KOMPAS.com - Misteri cara orang-orang Sherpa bertahan hidup di cuaca ekstrem pegunungan Himayala akhirnya terungkap.
Sherpa kebanyakan berprofesi sebagai pemandu gunung Everest. Selama ini peneliti bertanya- tanya, bagaimana para pendaki gunung ini bisa begitu tangkas membantu pendaki puncak Everest yang terkenal sulit ditakhlukkan.
Medan yang berat serta cuaca ektrem membuat kebanyakan orang akan mengalami hipoksia atau kekurangan oksigen serta penyakit ketinggian yang sangat menganggu saat mendaki gunung Everest. Tetapi hebatnya sherpa bisa bertahan.
Sebuah studi yang dilakukan peneliti Universitas Cambridge Inggris berhasil mengungkap, Sherpa ternyata lebih efisien dalam menggunakan oksigen. Ini membuat mereka lebih tangguh dibandingkan orang-orang yang berasal dari dataran rendah.

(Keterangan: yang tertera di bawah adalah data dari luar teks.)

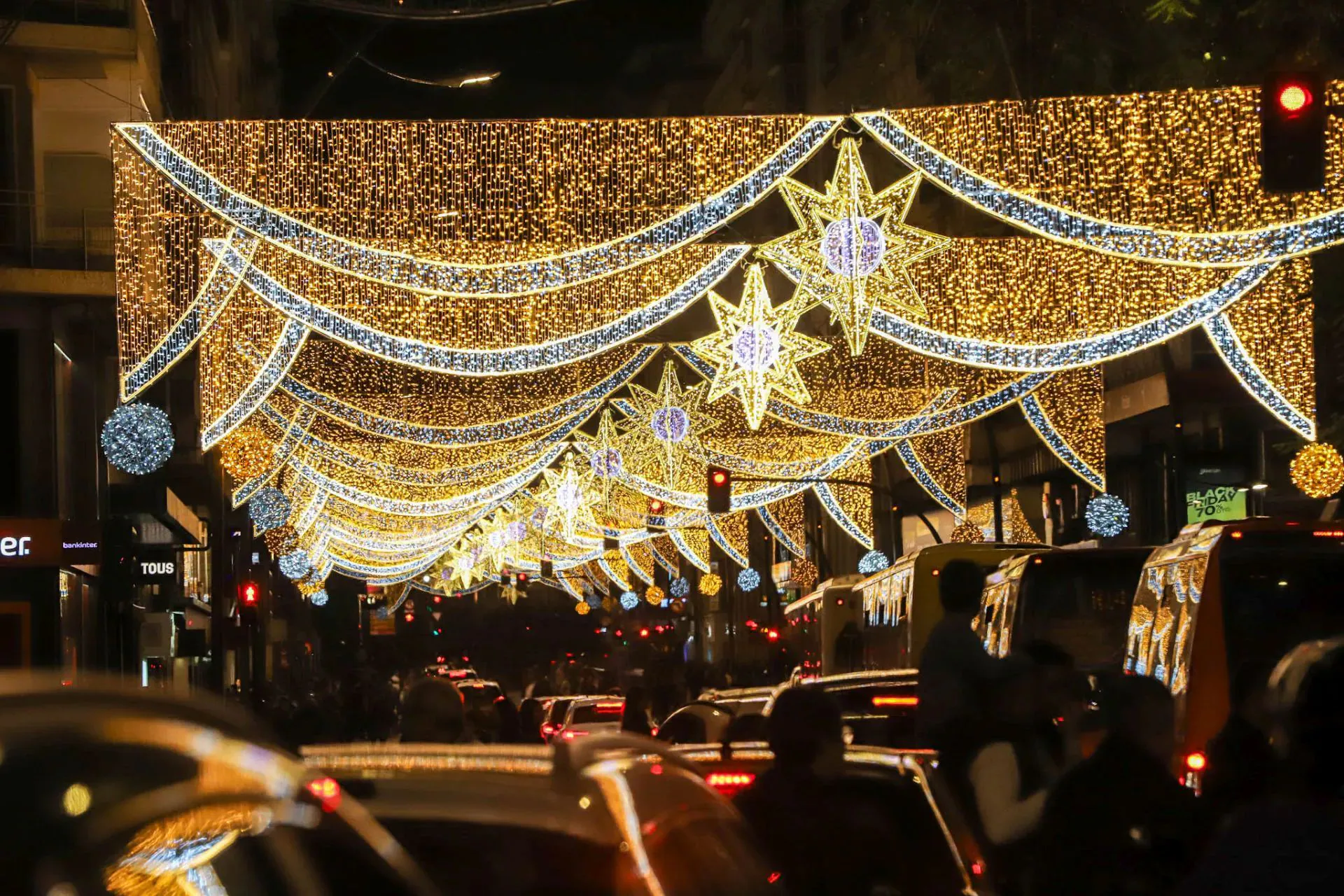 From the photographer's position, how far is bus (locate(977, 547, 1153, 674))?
21.2 metres

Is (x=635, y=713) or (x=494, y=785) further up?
(x=494, y=785)

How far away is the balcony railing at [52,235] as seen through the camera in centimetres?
2914

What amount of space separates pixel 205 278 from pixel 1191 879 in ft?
51.4

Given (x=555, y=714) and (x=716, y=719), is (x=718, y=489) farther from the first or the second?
(x=716, y=719)

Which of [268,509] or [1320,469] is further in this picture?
[268,509]

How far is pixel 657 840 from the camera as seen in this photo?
446 cm

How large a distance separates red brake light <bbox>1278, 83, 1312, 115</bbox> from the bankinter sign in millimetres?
16901

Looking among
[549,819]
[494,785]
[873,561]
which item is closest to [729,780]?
[494,785]

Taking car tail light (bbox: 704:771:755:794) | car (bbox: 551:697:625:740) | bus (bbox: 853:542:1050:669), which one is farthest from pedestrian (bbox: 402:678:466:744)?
bus (bbox: 853:542:1050:669)

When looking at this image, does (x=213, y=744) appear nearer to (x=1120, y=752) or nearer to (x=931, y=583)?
(x=1120, y=752)

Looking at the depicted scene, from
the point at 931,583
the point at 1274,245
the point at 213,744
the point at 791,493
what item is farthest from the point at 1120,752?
the point at 791,493

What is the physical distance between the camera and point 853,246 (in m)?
18.2

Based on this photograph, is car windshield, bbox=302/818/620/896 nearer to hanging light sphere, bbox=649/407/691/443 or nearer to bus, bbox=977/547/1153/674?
bus, bbox=977/547/1153/674

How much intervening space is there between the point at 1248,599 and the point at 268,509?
2806cm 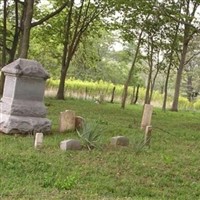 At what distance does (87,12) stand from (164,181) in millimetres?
20149

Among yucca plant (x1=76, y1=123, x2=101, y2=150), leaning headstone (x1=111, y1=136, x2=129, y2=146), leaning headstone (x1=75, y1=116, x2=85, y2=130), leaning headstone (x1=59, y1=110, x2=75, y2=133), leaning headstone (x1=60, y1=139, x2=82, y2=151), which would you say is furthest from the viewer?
leaning headstone (x1=75, y1=116, x2=85, y2=130)

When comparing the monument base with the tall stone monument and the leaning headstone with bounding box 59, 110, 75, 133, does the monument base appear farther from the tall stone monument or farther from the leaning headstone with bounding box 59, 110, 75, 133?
the leaning headstone with bounding box 59, 110, 75, 133

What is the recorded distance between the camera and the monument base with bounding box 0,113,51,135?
32.2 ft

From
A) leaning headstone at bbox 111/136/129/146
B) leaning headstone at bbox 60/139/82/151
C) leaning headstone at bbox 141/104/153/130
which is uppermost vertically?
leaning headstone at bbox 141/104/153/130

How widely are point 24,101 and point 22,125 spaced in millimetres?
623

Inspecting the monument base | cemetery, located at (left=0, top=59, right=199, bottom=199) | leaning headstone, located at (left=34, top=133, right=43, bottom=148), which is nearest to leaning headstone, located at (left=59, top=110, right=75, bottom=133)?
cemetery, located at (left=0, top=59, right=199, bottom=199)

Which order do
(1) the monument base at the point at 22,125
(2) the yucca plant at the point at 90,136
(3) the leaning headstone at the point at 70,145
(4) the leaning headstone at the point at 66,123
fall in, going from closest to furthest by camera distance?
(3) the leaning headstone at the point at 70,145 → (2) the yucca plant at the point at 90,136 → (1) the monument base at the point at 22,125 → (4) the leaning headstone at the point at 66,123

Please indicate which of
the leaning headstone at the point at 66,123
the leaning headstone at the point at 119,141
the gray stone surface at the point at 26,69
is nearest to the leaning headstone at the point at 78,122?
the leaning headstone at the point at 66,123

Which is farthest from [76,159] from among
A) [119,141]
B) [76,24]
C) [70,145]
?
[76,24]

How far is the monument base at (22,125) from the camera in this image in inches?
387

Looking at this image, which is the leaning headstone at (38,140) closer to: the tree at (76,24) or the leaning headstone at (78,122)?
the leaning headstone at (78,122)

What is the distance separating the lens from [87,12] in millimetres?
25781

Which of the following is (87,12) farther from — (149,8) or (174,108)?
(149,8)

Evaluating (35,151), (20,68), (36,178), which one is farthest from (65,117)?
(36,178) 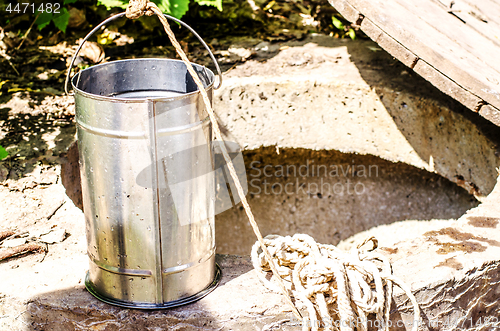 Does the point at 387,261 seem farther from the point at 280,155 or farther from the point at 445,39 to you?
the point at 280,155

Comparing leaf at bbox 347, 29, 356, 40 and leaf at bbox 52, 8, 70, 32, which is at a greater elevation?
leaf at bbox 52, 8, 70, 32

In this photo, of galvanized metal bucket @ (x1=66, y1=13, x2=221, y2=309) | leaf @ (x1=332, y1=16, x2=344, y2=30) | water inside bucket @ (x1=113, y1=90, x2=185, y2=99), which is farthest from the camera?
leaf @ (x1=332, y1=16, x2=344, y2=30)

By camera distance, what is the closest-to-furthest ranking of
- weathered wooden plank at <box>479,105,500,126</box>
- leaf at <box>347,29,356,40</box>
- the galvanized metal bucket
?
the galvanized metal bucket → weathered wooden plank at <box>479,105,500,126</box> → leaf at <box>347,29,356,40</box>

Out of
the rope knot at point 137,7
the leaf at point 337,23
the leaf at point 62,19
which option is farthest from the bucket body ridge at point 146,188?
the leaf at point 337,23

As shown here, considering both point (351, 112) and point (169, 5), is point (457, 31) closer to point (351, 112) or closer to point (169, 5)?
point (351, 112)

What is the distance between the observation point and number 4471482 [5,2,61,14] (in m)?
3.86

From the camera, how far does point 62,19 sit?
12.3ft

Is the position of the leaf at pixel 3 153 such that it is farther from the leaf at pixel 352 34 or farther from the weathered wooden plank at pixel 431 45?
the leaf at pixel 352 34

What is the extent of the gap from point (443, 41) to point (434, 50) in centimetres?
20

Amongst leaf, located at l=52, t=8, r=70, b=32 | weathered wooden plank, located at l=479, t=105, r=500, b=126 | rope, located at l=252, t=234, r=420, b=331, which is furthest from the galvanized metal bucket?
leaf, located at l=52, t=8, r=70, b=32

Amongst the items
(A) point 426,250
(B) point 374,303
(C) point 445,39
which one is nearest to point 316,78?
(C) point 445,39

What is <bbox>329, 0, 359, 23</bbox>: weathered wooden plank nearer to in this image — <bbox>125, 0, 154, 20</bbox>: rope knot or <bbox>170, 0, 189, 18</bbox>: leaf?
<bbox>170, 0, 189, 18</bbox>: leaf

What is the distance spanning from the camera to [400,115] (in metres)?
3.55

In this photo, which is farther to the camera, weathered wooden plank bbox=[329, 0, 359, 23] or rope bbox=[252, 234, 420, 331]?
weathered wooden plank bbox=[329, 0, 359, 23] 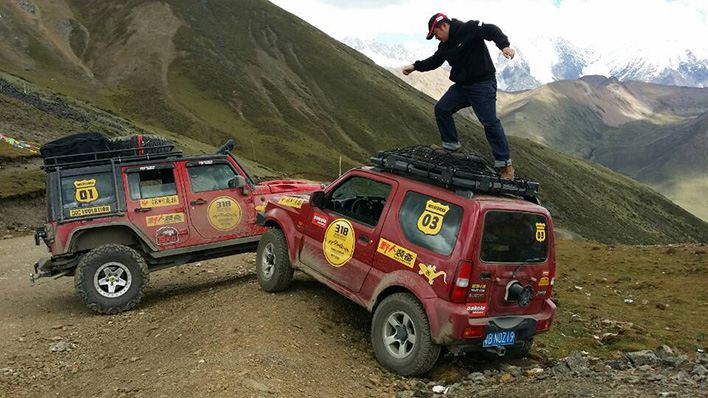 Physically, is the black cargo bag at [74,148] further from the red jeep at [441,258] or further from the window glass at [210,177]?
the red jeep at [441,258]

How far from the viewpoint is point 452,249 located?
7031mm

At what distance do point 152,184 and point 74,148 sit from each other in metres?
1.63

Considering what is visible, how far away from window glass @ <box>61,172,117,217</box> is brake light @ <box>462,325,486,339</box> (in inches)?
291

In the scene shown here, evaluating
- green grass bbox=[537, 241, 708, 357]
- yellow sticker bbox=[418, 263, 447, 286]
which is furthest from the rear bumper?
green grass bbox=[537, 241, 708, 357]

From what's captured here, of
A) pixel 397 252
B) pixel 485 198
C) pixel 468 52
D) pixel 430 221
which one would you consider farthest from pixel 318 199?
pixel 468 52

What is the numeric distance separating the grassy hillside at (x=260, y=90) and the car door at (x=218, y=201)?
64657 millimetres

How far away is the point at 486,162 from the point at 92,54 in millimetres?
108136

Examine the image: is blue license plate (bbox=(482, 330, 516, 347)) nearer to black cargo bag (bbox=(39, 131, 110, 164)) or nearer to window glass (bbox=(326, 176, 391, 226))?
window glass (bbox=(326, 176, 391, 226))

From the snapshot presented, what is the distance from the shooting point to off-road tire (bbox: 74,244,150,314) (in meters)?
10.5

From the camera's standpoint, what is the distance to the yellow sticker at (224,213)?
38.8 feet

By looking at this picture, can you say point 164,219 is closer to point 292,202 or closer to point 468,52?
point 292,202

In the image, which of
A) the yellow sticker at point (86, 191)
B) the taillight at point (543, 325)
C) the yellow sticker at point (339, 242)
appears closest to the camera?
the taillight at point (543, 325)

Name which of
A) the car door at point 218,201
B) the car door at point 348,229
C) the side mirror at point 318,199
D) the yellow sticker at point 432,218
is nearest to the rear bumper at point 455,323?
the yellow sticker at point 432,218

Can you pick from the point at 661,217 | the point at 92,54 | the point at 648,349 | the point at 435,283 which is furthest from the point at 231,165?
the point at 661,217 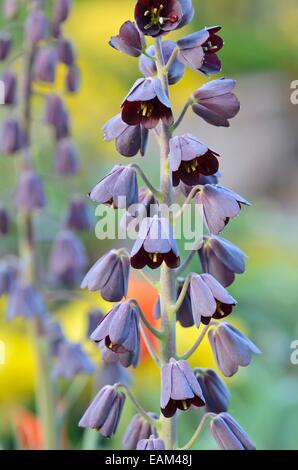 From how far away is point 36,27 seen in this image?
2.26 m

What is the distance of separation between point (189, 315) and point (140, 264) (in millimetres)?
177

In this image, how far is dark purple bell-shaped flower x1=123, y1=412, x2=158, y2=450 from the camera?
1.54 meters

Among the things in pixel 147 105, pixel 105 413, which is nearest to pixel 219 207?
pixel 147 105

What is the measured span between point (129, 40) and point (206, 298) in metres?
0.45

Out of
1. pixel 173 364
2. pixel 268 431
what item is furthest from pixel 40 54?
pixel 268 431

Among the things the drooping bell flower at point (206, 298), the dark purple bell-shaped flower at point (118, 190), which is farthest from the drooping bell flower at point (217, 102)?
the drooping bell flower at point (206, 298)

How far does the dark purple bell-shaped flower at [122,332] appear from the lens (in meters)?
1.44

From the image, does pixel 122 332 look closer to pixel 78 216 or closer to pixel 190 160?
pixel 190 160

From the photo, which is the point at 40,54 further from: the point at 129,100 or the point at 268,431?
the point at 268,431

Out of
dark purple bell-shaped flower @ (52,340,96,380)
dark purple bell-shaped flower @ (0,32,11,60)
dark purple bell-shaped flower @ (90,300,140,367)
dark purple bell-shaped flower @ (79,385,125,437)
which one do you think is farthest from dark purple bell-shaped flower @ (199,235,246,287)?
dark purple bell-shaped flower @ (0,32,11,60)

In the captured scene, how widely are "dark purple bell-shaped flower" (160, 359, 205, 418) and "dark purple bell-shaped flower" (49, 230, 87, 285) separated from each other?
1058 mm

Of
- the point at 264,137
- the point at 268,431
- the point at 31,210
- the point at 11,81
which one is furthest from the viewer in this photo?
the point at 264,137

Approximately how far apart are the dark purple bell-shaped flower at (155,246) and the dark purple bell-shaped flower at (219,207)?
68mm
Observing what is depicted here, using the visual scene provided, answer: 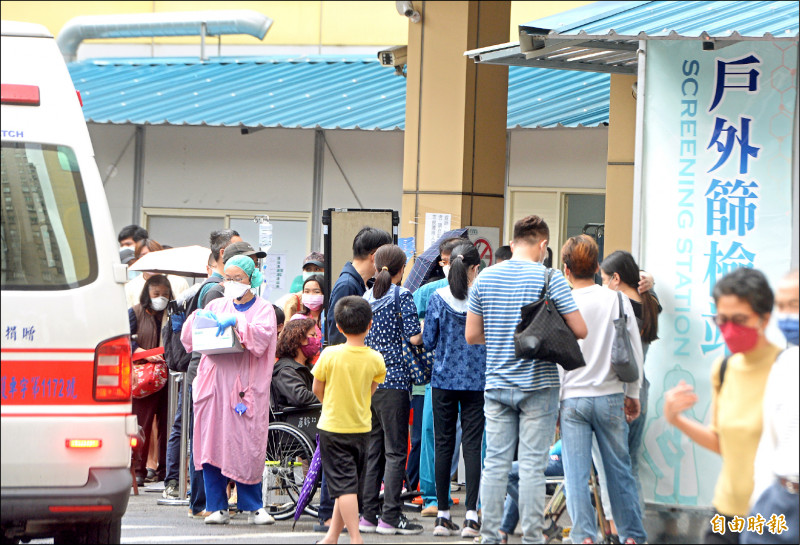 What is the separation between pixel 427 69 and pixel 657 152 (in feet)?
16.4

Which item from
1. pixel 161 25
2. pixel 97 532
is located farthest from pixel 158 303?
pixel 161 25

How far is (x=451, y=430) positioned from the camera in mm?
7688

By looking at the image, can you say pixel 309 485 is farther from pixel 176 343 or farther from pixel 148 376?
pixel 148 376

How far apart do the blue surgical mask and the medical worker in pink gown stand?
399cm

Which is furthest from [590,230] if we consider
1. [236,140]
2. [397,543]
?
[397,543]

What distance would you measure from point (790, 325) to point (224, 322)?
4.05m

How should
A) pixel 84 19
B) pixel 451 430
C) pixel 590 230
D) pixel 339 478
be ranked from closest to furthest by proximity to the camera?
pixel 339 478 < pixel 451 430 < pixel 590 230 < pixel 84 19

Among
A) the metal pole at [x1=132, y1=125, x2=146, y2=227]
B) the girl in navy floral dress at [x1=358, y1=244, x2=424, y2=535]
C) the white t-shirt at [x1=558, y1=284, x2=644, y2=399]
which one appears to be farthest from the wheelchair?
the metal pole at [x1=132, y1=125, x2=146, y2=227]

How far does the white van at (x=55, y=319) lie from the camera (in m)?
5.44

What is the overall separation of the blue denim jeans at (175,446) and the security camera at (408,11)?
448 cm

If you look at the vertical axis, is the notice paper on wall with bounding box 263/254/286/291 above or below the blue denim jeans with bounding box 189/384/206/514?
above

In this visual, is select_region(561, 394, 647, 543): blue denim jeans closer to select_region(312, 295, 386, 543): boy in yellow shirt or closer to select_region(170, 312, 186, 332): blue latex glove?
select_region(312, 295, 386, 543): boy in yellow shirt

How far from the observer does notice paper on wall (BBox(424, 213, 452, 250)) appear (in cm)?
1145

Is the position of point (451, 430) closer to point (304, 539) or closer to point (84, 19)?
point (304, 539) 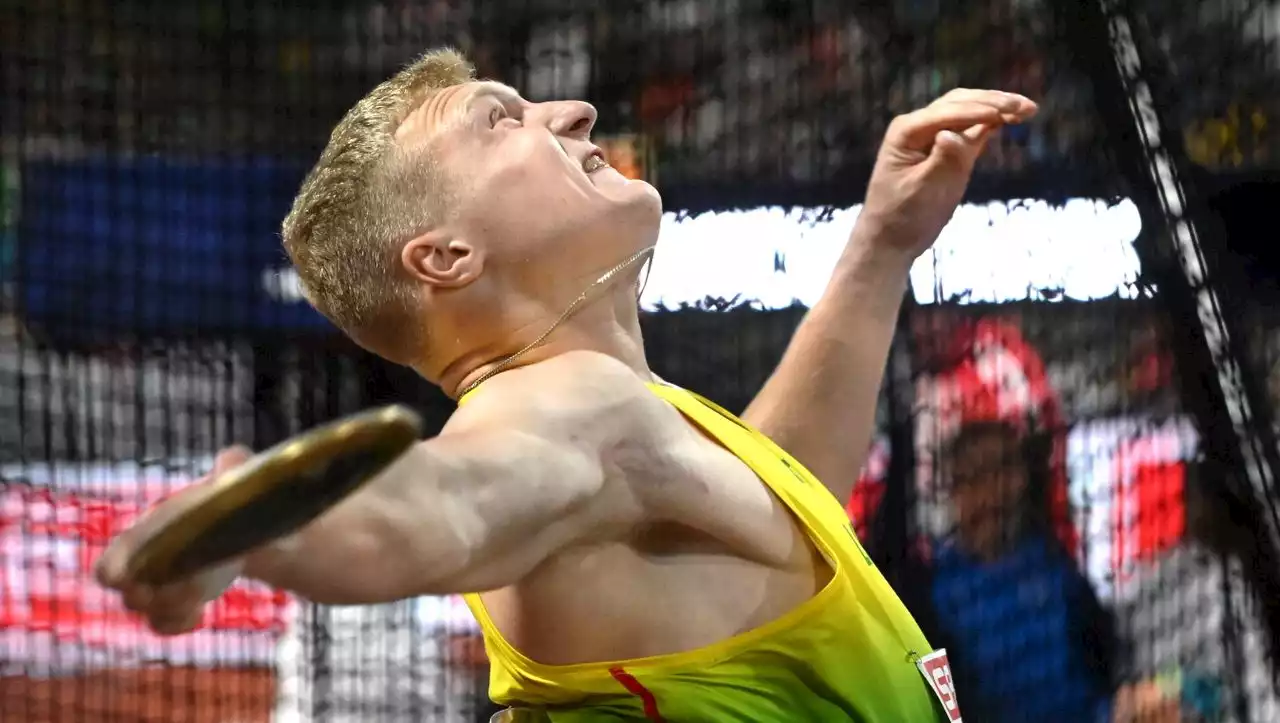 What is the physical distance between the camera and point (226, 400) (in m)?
1.59

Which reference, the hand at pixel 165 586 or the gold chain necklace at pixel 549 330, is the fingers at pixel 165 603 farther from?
the gold chain necklace at pixel 549 330

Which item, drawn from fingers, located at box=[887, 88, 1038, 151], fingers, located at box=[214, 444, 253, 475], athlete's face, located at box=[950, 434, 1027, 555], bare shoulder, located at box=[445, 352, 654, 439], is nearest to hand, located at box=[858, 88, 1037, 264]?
fingers, located at box=[887, 88, 1038, 151]

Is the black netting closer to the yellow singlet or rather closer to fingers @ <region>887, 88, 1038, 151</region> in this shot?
fingers @ <region>887, 88, 1038, 151</region>

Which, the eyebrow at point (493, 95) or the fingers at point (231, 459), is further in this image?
the eyebrow at point (493, 95)

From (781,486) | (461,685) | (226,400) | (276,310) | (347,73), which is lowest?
(461,685)

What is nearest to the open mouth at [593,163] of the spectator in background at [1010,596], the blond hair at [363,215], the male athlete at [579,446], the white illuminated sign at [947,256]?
the male athlete at [579,446]

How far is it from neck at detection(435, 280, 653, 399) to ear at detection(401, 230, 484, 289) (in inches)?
1.8

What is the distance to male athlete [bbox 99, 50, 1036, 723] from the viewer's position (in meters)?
0.65

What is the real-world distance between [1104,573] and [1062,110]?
535 mm

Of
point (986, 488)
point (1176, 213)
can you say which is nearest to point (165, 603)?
point (1176, 213)

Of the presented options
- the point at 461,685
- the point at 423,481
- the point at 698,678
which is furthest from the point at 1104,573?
the point at 423,481

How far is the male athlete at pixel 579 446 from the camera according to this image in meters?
0.65

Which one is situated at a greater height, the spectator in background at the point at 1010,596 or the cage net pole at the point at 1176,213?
the cage net pole at the point at 1176,213

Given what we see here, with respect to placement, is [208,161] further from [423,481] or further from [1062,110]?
[423,481]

"Sherpa telah menghabiskan ribuan tahun tinggal di tempat yang tinggi. Jadi tidak mengherankan jika mereka bisa beradaptasi jadi lebih efisien dalam menggunakan oksigen dan menghasilkan energi," kata Andrew Murray ahli fisiologi Universitas Cambridge Inggris seperti dikutip dari Science Alert, Selasa (23/5/2017).
"Saat kita yang berasal dari dataran rendah menghabiskan waktu di ketinggian, badan kita akan beradaptasi seperti Sherpa, tapi kita tidak bisa menyamai efisiensi mereka," lanjutnya.
Penelitian yang disebut dengan Xtreme Everest 2 ini melibatkan dua kelompok yang terdiri dari 10 orang Eropa dan 15 orang Sherpa. Mereka diminta melakukan pendakian ke base camp Everest yang terletak di ketinggian 5.300 meter.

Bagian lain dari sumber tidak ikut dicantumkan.